(Data records)
*** Block opens ***

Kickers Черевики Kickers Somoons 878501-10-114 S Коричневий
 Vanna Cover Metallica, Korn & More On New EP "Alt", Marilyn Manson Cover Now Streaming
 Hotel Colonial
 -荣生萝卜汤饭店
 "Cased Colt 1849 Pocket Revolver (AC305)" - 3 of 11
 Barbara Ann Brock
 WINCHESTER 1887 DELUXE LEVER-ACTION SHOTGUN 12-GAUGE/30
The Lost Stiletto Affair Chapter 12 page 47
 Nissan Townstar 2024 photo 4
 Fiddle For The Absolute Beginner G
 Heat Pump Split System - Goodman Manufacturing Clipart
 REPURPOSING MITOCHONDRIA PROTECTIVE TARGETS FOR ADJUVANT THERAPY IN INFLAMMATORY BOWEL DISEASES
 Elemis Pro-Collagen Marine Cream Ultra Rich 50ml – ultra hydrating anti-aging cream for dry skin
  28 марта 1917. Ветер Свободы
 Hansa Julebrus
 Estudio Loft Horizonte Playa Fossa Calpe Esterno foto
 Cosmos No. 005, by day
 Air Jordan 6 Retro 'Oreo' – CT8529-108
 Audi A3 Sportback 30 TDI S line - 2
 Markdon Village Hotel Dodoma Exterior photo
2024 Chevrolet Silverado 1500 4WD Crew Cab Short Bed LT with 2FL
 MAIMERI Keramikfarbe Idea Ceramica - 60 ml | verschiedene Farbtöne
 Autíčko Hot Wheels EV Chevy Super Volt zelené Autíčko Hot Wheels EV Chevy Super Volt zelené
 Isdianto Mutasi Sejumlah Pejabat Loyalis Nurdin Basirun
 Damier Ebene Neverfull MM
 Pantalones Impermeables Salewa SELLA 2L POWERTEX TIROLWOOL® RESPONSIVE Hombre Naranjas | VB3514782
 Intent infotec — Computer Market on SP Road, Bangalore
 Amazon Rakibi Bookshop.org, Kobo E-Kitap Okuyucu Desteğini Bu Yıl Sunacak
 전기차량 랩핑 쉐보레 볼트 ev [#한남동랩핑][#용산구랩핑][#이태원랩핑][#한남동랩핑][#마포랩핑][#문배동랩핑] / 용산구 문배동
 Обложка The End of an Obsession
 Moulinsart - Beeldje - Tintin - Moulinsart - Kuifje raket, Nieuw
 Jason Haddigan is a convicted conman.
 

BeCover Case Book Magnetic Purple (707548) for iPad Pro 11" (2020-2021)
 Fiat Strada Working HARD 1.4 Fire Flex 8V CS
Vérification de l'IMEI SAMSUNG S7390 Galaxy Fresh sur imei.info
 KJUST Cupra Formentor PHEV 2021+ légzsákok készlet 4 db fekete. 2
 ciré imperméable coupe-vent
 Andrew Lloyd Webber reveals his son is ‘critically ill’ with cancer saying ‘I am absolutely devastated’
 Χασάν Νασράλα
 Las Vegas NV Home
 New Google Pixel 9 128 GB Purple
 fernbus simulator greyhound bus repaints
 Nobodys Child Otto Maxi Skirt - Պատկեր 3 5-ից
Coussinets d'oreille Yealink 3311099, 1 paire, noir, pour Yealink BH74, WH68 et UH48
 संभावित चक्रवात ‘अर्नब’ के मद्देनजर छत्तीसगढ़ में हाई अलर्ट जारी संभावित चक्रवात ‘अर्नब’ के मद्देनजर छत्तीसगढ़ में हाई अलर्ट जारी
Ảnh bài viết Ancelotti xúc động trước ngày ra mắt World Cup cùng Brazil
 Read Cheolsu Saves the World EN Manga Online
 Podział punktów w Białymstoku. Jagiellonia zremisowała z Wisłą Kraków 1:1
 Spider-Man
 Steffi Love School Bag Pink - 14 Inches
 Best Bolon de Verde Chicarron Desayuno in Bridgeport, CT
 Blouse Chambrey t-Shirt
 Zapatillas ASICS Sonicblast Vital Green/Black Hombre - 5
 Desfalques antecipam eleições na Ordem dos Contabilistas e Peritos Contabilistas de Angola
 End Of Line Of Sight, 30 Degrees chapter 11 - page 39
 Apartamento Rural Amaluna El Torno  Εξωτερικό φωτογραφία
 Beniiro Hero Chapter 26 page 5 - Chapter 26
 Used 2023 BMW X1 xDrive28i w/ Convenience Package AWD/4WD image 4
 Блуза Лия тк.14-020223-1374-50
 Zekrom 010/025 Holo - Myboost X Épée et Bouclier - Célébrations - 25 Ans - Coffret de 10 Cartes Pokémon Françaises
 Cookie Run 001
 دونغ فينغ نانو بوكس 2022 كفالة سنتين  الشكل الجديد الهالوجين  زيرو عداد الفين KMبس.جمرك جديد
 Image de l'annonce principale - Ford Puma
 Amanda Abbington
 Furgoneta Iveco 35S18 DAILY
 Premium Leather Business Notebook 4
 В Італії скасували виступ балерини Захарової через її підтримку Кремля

*** Block closes ***

Activity: If a line in the data above holds the string "World", report that line.

Answer below:
Ảnh bài viết Ancelotti xúc động trước ngày ra mắt World Cup cùng Brazil
 Read Cheolsu Saves the World EN Manga Online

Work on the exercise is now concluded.